Although many people opt to eat only egg whites, studies show that whole eggs may be a better choice after workouts.
In a small 2017 study including 10 men, participants ate a meal with either whole eggs or egg whites immediately after resistance training. Even though all meals had the same amount of protein, the whole-egg meals led to greater muscle growth.
Researchers suggest that this could be because the nutrient-dense yolk provides vitamins, minerals, and fatty acids, such as vitamin A, selenium, zinc, and the fatty acid palmitate, which may increase the speed of muscle protein synthesis.
Milk and milk products like yogurt and cottage cheese are frequently used as post-exercise fuel — and for good reason.
Because milk is high in protein, it provides your body the nutrients necessary for muscle repair. Thus, it might reduce EIMD.
Milk and dairy products also contain carbs. Eating carbs and protein together supports muscle growth and helps your muscles refill their stores of glycogen — the stored form of glucose, or sugar. Milk also contains sodium, which is important for rehydration.

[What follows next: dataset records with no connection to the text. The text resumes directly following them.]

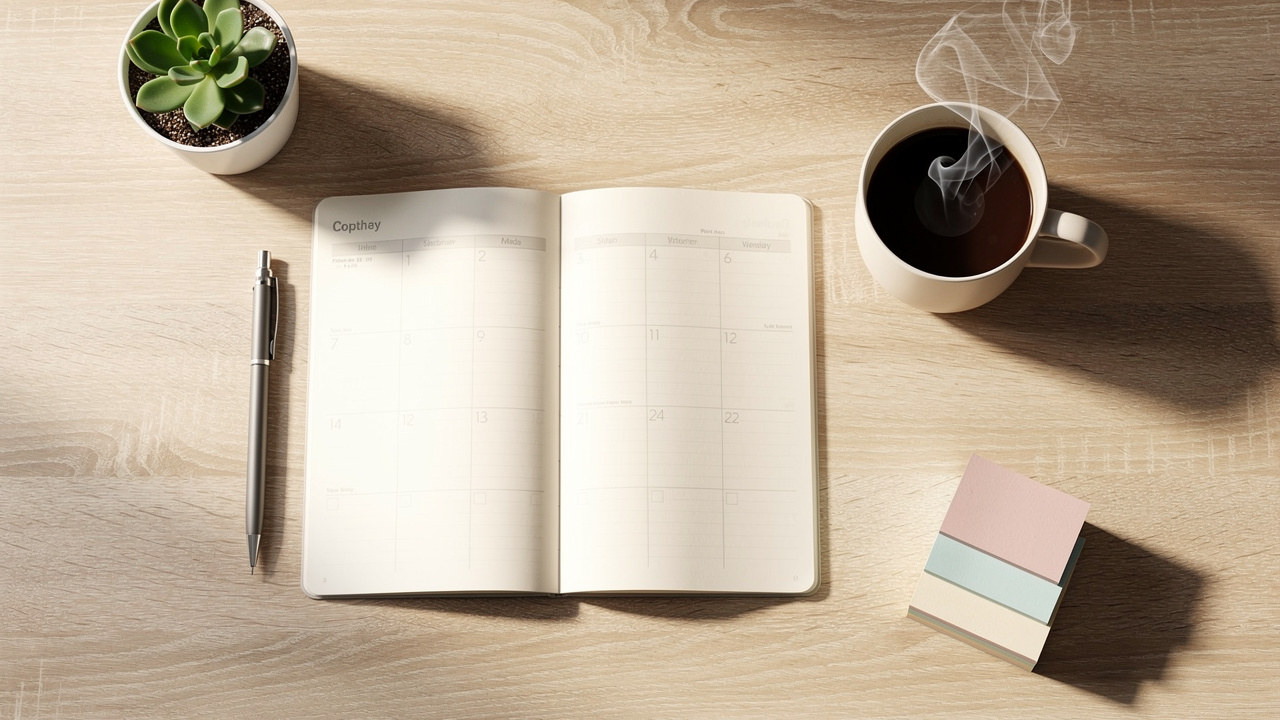 Organized planning journal and coffee on desk for decluttering timeline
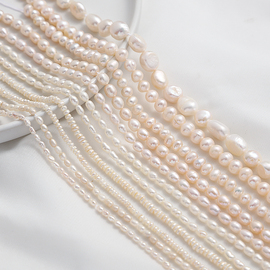 天然淡水珍珠米珠葱头珠，近圆珠散珠手工diy手链项链串珠材料配件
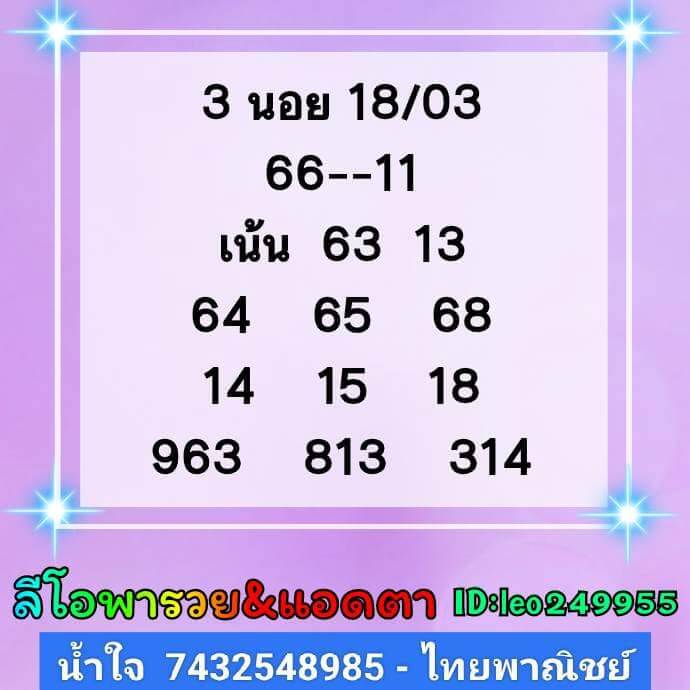 แนวทางหวยฮานอย 18/3/66 ชุดที่ 8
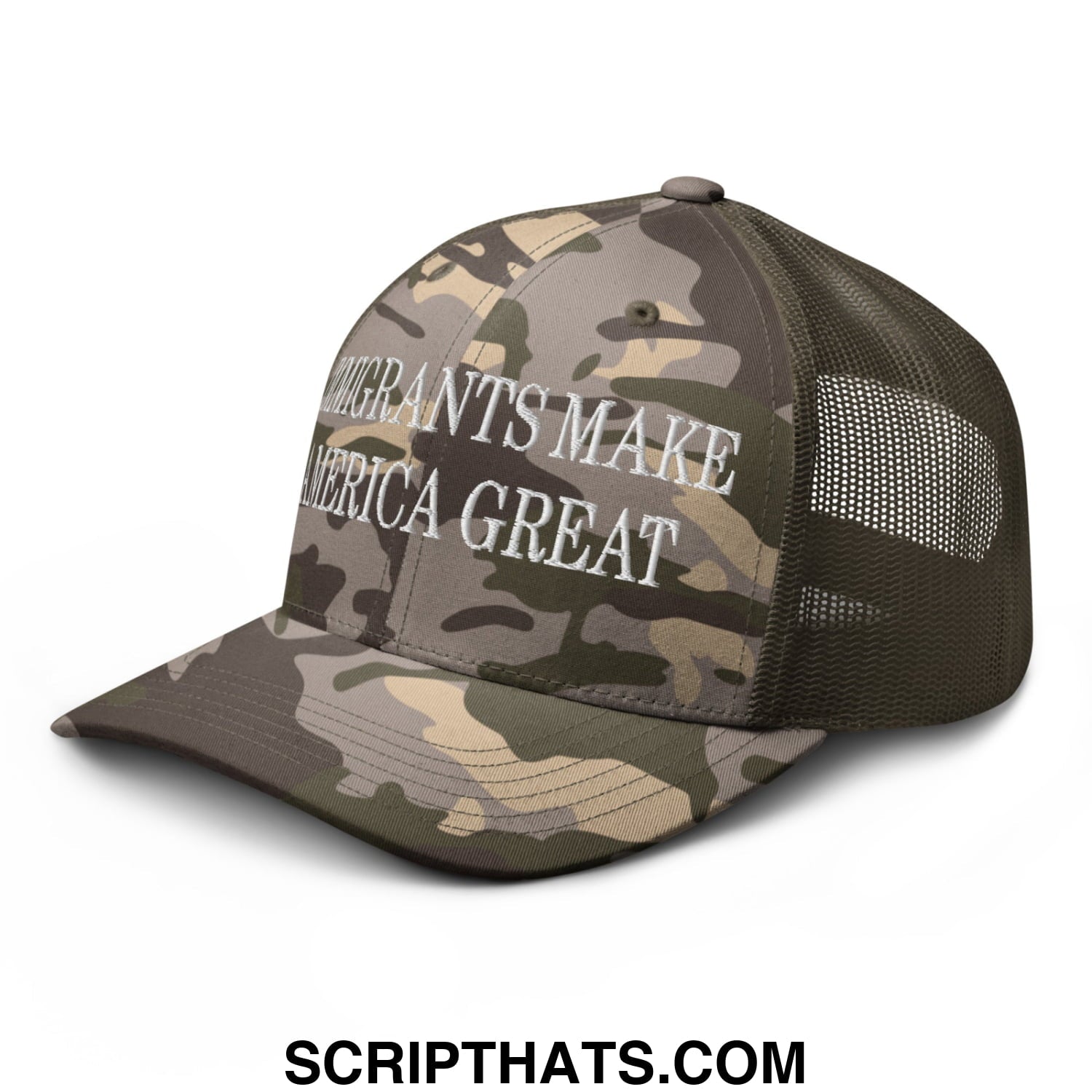 Immigrants Make America Great Embroidered Camo Mesh Trucker Hat Camo Olive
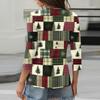 Skjorter med 3/4-ermer for kvinner Trykk grafiske t-skjorter Bluser Uformell Plussstørrelse Basic Topper Pullover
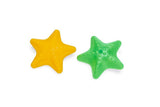 Foam zeester speelgoedassortiment: gele en groene zeester met nopjes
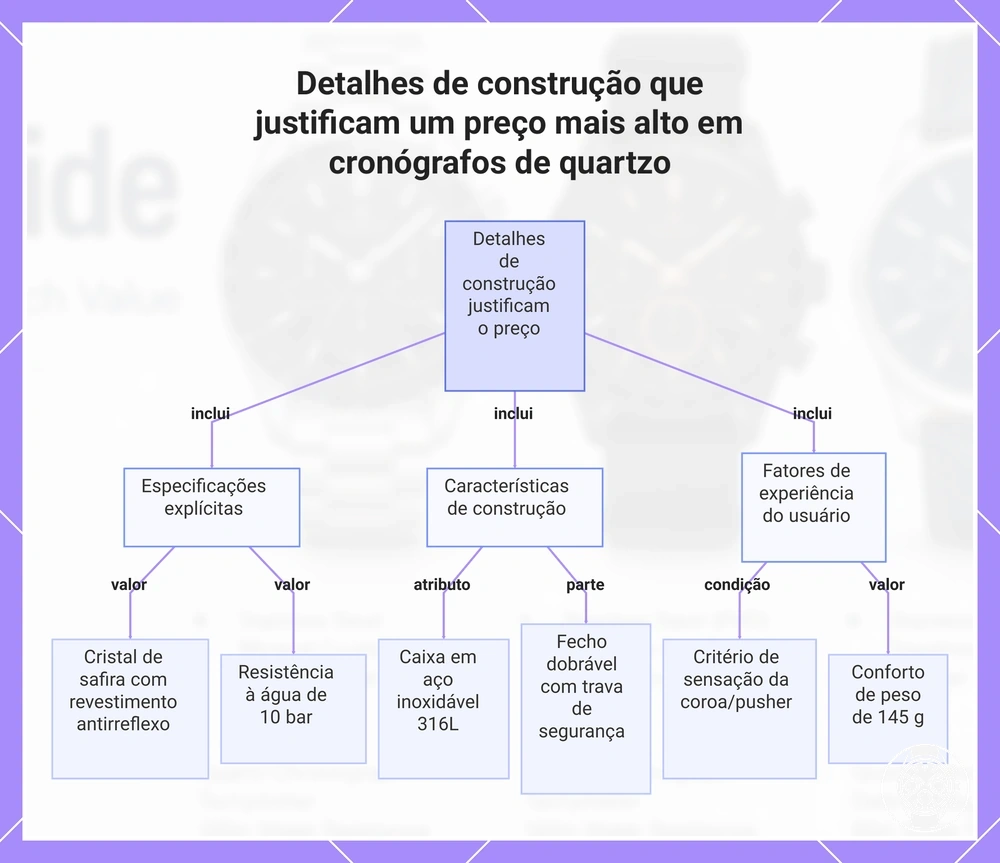 Detalhes de construção que justificam um preço mais alto em cronógrafos de quartzo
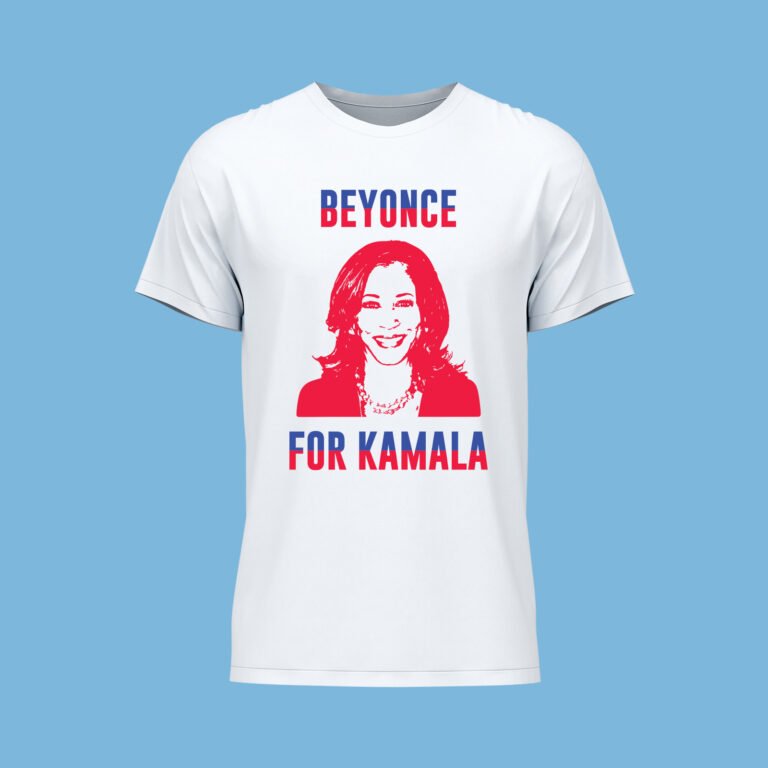 WHITE FRONT VIEW T-SHIRT BLUE & RED TEXT & red KAMALA VECTOR BEYONCE FOR KAMALA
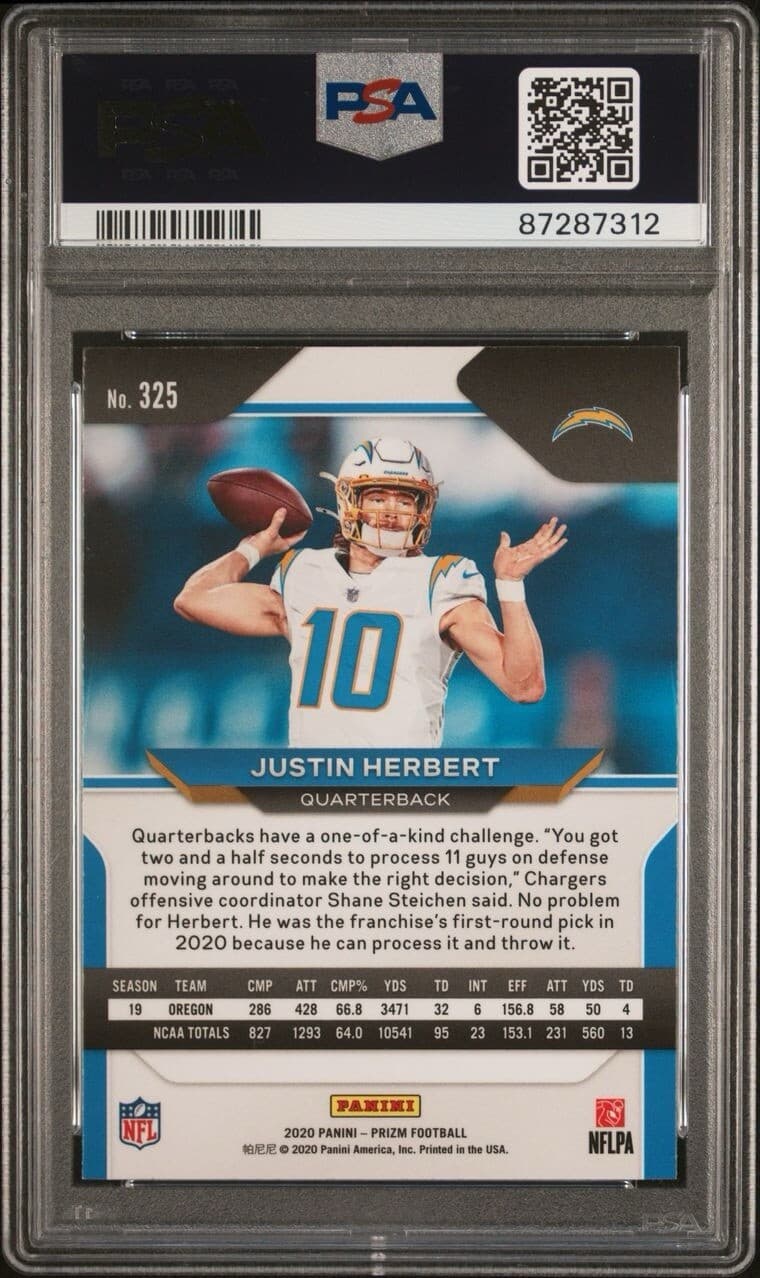 2020 Panini Prizm - Rookie #325 Justin Herbert (RC) PSA 9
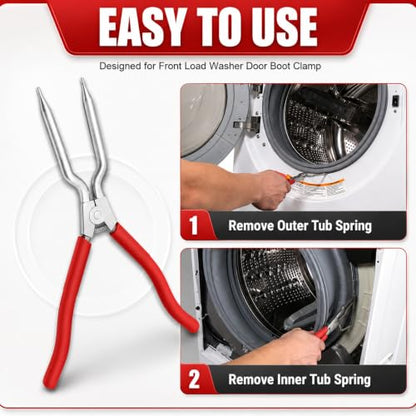 383EER4001A Washer Spring Expansion Tool Compatible with LG Samsung Kenmore | Front Load Door Boot Spring Clamp Tool, Replaces 1268535 PS3569695, Expands 2" to 5.83" for Washer Repairs - color: Red（2” to 5.83“)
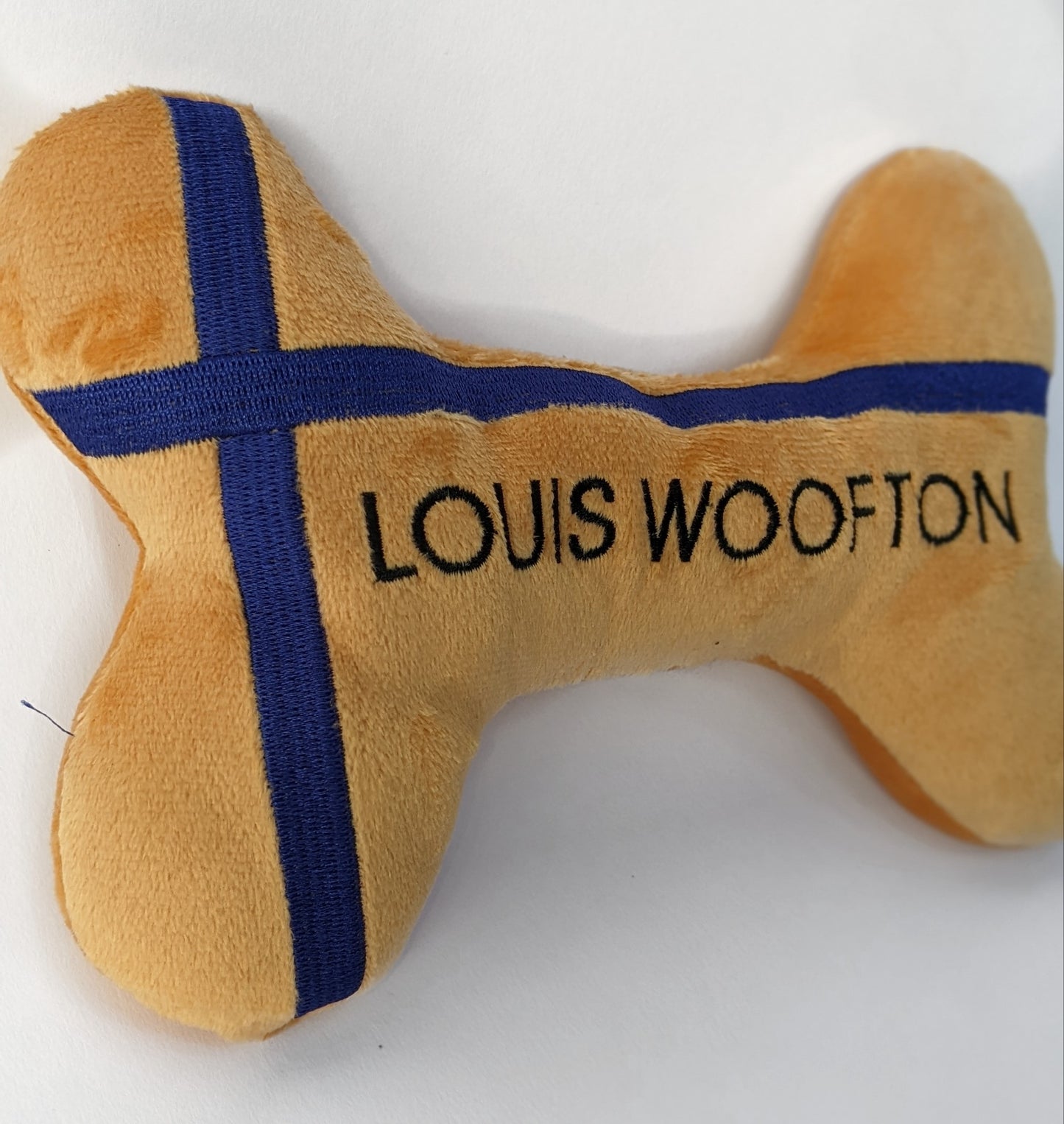 2-in-1 LOUIS WOOFTON ORANGE PACKAGING PLUSH BONE DOG TOY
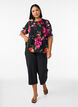 Bluse med blomstertrykk og peplum, Svart, Model image number 1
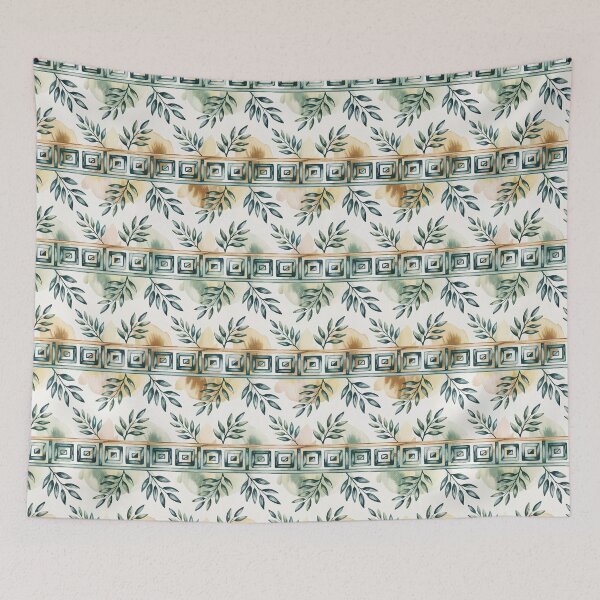 Item preview, Watercolor Soft Teal & Gold Hue Greek key Abstract designed and sold by Tamas Das.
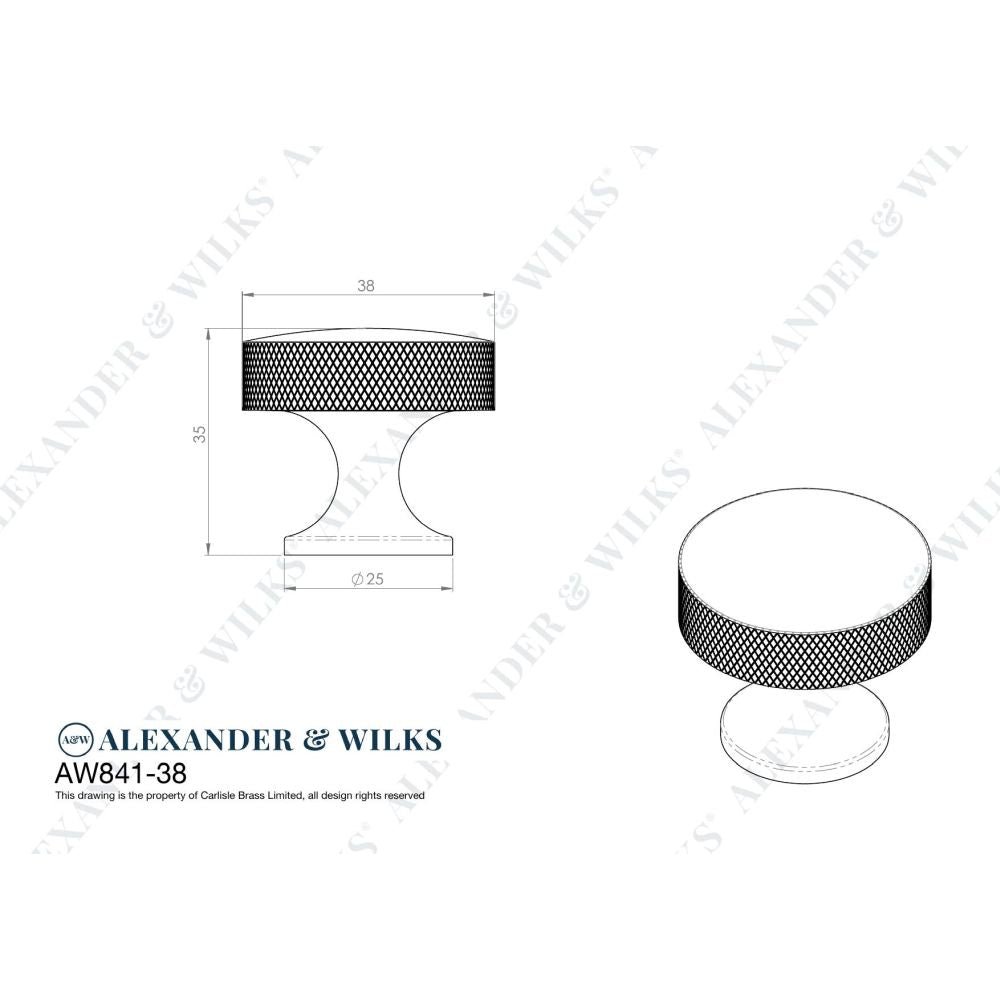 Line technical drawing image of Alexander & Wilks Berlin Cupboard Knob - Polished Chrome - 38mm | Sku. aw841-38-pc | Trade Door Handles.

Some studies have found that cow’s milk significantly benefits exercise performance and the recovery of muscle functioning.
A 2019 review of 12 studies found that chocolate milk may improve exercise performance and post-exercise recovery. However, the researchers acknowledged that high quality evidence is limited, so future research is needed.
8. Starchy Vegetables
When you work out intensely, you deplete your muscle stores of glycogen, the stored form of glucose.
Having enough available glycogen in your muscles is essential for optimal athletic performance, so it’s important to replenish these stores after workouts. This is especially true for athletes participating in exhaustive exercise.
Eating carb-rich foods promotes muscle glycogen replenishment. Starchy vegetables like sweet potato, butternut squash, and potatoes make a healthy carbohydrate choice post-workout.
Combining starchy vegetables with a protein source like eggs or chicken is an effective and tasty way to replenish glycogen stores while also providing your body with the protein it needs for muscle recovery.